O não científico na ciência
Muitos filósofos se interessaram em pensar de forma crítica a Ciência, seus fundamentos, seus limites e seu progresso. Agora, vamos discutir a reflexão de Thomas Kuhn a respeito da Ciência, vista por ele como uma construção histórica. Em primeiro lugar, é importante salientar que a Ciência é uma atividade racional e humana. Como muitas outras, é influenciada por problemas humanos de natureza variada, como emocionais, políticos, linguísticos, sociais e religiosos.

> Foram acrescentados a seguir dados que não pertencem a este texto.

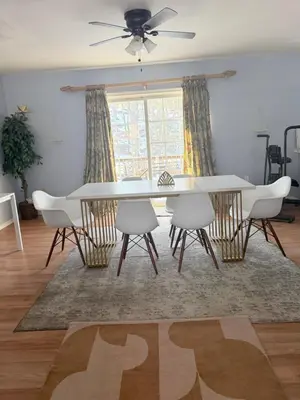 a dining room with a table and chairs at Poconos home away from home in East Stroudsburg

Kuhn percebeu que essas influências são inerentes à racionalidade humana e se propôs a pensar a Ciência com base nelas e de acordo com a seguinte linha de desenvolvimento:  1. Pré-Ciência, 2. Ciência normal, 3. Crise, 4. Revolução científica e 5. Nova Ciência normal.  O conceito mais importante para Kuhn é o de paradigma, que é o modelo da Ciência normal. Durante um tempo, todos os cientistas procuram orientar suas pesquisas com base em um modelo, de maneira a preservar a verdade científica. O que não se encaixar nesse modelo será excluído; será considerado anomalia, mas isso também pode indicar que o cientista não aplicou corretamente o modelo e sua metodologia. Para Kuhn, o determinante das normas da Ciência é o paradigma aceito pelos cientistas. Mas, por motivos nem sempre racionais, os cientistas mudam de paradigma, após uma crise da Ciência normal, o que, em geral, é fundamentado na anomalia, isto é, quando a Ciência normal não consegue responder a alguns problemas, como a órbita de Mercúrio para a física newtoniana.

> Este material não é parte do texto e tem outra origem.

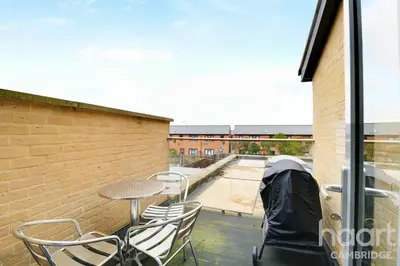 a patio with chairs and a table on a deck at Lovely 1 Bedroom Flat with Free Off Road Parking in Chesterton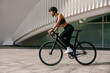 Active female cyclist in sportswear helmet cycle outdoors on city building background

Essa crise estende-se até uma revolução científica, quando a maneira de fazer Ciência muda completamente. Quando ocorre essa mudança, segundo Kuhn, chega-se a uma nova Ciência normal, praticada, a partir desse momento, de acordo com um novo paradigma.
É preciso considerar que a racionalidade científica encontra problemas dentro e fora de seu espaço de ação. Dentro desse espaço são as anomalias e, fora dele, são as necessidades humanas da pesquisa científica. Instituições, empresas e governos procuram fazer que a Ciência seja orientada por seus interesses, não apenas por mera curiosidade.
Com base no texto, responda as seguintes questões:
1.       Qual é a natureza de todos os nossos raciocínios sobre os fatos, segundo Hume?
2.       De acordo com Hume, qual é o fundamento de todos os nossos raciocínios e conclusões sobre a relação de causa e efeito?
3.       Por que Hume vê um problema na fundamentação das conclusões por meio da observação da experiência?
4.       Para muitos filósofos, na Ciência, que sentido a dedução toma?
5.       Por que a previsão do peru falhou?
6.       Quais são os problemas que precisamos discutir a respeito da indução, como fundamento da Ciência.
7.       Por que as percepções que vêm dos sentidos não são as mesmas para todos?
8.       Os fenômenos, como “o Sol atravessa o vidro e aquece a carteira”. Nesse contexto, o que podemos afirmar?
9.       Para os falsificacionistas, entre os quais Karl Popper é um dos mais importantes, de onde vem o valor de um conhecimento científico?
10.   Para os falsificacionistas, quais são os critérios para uma boa teoria cientifica?
11.   Para os falsificacionistas, como a Ciência progride?
12.   Explique a linha de desenvolvimento da ciência proposta por Thomas Kuhn.
13.   O que é um paradigma, segundo Thomas Kuhn?
14.   Pesquisar vida e obras de Karl Popper, Thomas Kuhn, David Hume e as expressões: “Ciência”, “termo científico”, “Hipótese”, “tese”, “Indução” e “Dedução”.